• Records for the exercise:
------------

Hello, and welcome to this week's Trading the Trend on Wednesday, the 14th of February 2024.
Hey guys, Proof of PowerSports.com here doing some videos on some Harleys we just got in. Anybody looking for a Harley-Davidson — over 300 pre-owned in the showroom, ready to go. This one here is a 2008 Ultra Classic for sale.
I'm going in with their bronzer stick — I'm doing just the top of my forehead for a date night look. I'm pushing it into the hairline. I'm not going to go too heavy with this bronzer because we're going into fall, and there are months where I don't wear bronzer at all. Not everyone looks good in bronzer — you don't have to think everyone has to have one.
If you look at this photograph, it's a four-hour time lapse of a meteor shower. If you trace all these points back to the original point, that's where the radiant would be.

------------

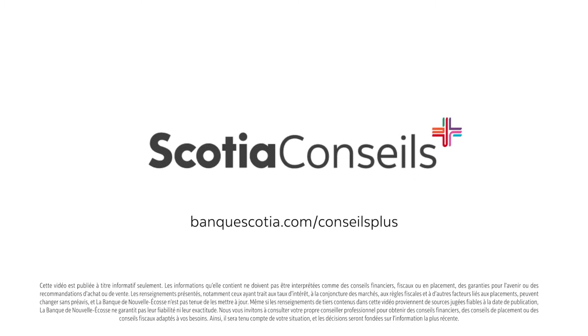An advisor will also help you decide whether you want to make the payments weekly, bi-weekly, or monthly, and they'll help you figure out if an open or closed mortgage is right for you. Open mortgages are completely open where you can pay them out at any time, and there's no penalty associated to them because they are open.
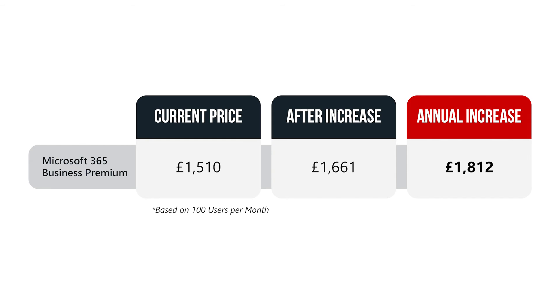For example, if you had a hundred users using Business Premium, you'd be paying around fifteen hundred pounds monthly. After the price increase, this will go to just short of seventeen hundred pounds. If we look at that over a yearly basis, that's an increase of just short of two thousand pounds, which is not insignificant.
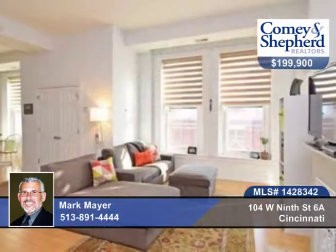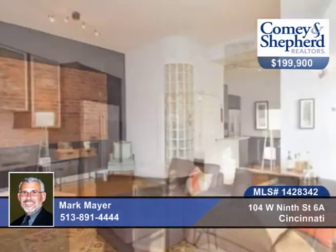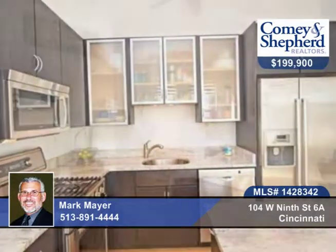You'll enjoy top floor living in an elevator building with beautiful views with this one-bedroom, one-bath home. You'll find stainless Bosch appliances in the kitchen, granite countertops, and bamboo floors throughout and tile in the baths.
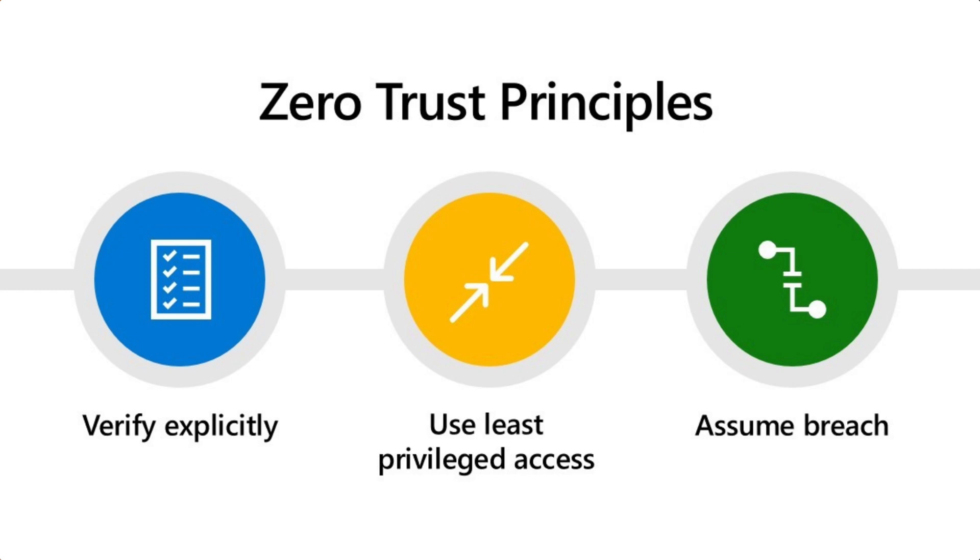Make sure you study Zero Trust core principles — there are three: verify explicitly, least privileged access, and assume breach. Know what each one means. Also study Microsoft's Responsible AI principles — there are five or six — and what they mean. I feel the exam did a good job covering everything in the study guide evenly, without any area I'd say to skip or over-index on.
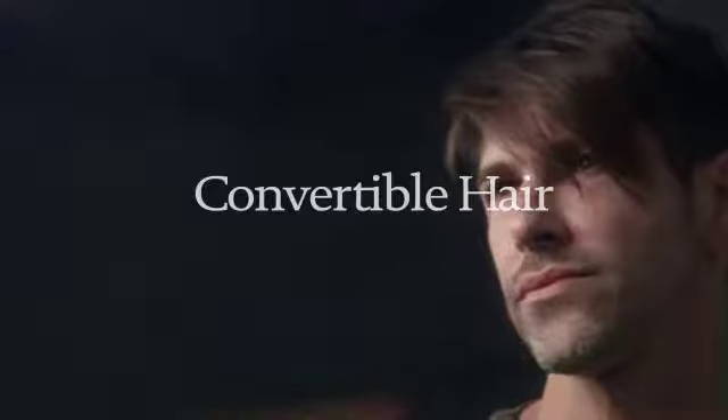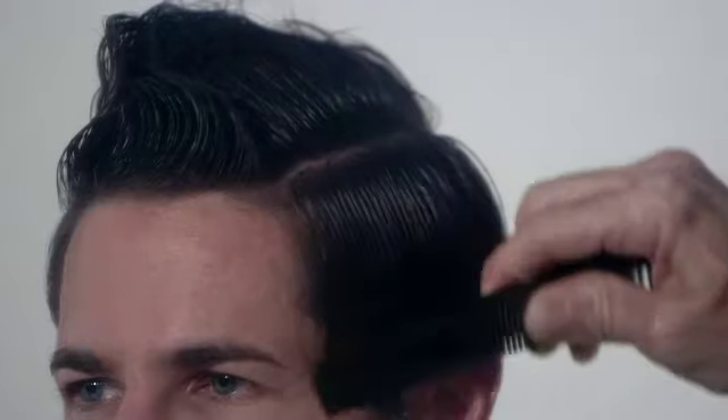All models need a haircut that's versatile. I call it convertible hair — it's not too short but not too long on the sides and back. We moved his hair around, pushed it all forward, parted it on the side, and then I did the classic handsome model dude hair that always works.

------------

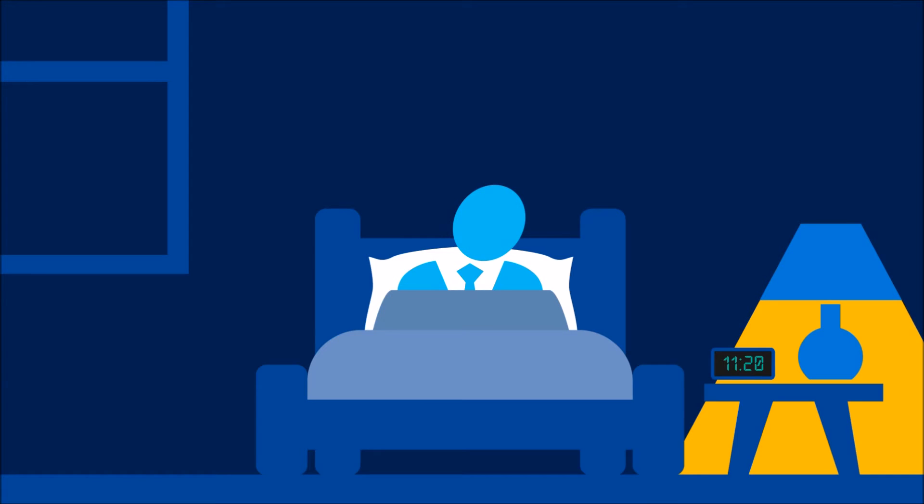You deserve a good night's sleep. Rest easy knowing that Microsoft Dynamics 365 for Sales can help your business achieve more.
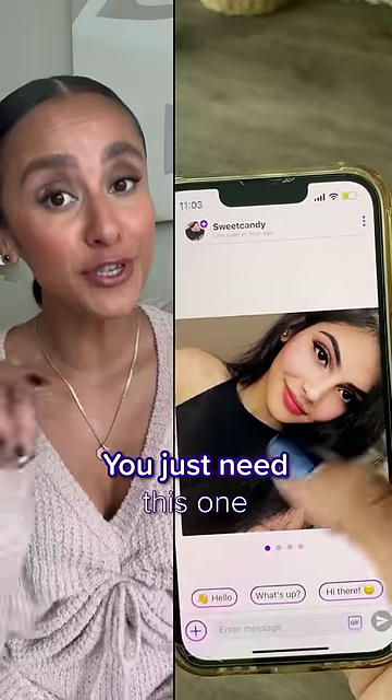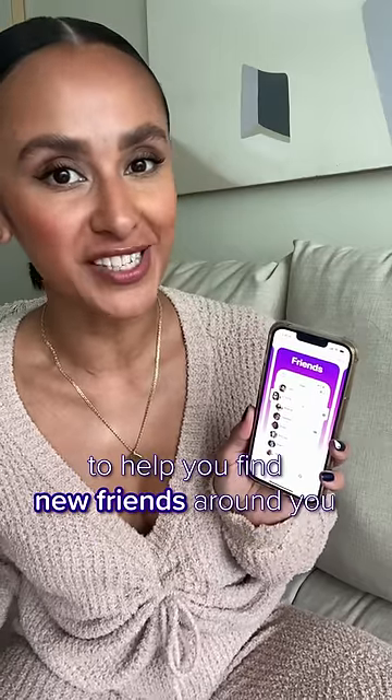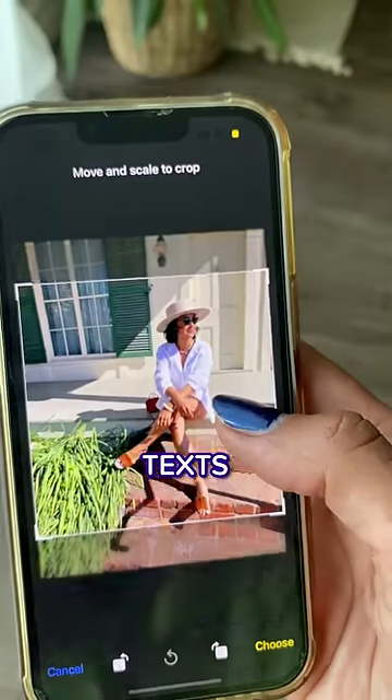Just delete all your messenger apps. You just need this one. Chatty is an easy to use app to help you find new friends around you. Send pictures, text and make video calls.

------------

• The task: Print exactly, with no pictures, the lines above from the one that holds "Make sure you" through the one that holds "All models need", both of them included.

• Response to this task:
Make sure you study Zero Trust core principles — there are three: verify explicitly, least privileged access, and assume breach. Know what each one means. Also study Microsoft's Responsible AI principles — there are five or six — and what they mean. I feel the exam did a good job covering everything in the study guide evenly, without any area I'd say to skip or over-index on.
All models need a haircut that's versatile. I call it convertible hair — it's not too short but not too long on the sides and back. We moved his hair around, pushed it all forward, parted it on the side, and then I did the classic handsome model dude hair that always works.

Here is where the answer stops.